Your task:
Using the listing below, count every line that contains the word "creamy"; respond with the count alone.

Data provided:
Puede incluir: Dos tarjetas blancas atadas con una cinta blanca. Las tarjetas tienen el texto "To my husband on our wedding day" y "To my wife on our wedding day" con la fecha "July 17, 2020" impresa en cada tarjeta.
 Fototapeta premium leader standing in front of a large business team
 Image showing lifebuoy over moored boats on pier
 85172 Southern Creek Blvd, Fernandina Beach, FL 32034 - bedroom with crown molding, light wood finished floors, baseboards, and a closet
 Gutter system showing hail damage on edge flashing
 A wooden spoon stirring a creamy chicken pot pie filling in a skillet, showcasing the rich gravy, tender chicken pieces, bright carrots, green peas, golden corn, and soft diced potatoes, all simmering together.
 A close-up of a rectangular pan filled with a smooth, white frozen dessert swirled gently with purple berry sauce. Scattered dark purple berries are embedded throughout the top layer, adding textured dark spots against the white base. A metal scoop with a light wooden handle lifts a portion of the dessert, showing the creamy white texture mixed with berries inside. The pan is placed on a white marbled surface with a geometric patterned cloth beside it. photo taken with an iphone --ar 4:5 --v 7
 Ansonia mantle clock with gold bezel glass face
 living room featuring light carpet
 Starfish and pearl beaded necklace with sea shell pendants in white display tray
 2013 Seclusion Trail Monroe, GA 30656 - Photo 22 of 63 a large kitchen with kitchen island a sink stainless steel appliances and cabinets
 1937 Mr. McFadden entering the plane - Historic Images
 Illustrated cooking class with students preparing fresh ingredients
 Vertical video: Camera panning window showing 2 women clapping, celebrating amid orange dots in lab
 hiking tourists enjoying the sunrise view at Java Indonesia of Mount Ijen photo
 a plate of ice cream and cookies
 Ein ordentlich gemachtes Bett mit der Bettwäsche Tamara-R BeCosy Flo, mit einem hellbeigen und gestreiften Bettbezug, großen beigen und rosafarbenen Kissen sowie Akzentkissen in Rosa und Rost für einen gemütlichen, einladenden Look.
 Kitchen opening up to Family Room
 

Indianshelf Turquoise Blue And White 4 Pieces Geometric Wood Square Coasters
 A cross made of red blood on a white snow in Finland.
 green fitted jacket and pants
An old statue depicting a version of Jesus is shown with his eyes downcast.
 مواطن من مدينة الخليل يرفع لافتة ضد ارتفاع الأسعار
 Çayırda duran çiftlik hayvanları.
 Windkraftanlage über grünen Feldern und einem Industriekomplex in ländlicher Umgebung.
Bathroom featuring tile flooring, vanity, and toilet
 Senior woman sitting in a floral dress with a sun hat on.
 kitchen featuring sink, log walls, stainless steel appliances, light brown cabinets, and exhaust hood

Answer for this exercise:
2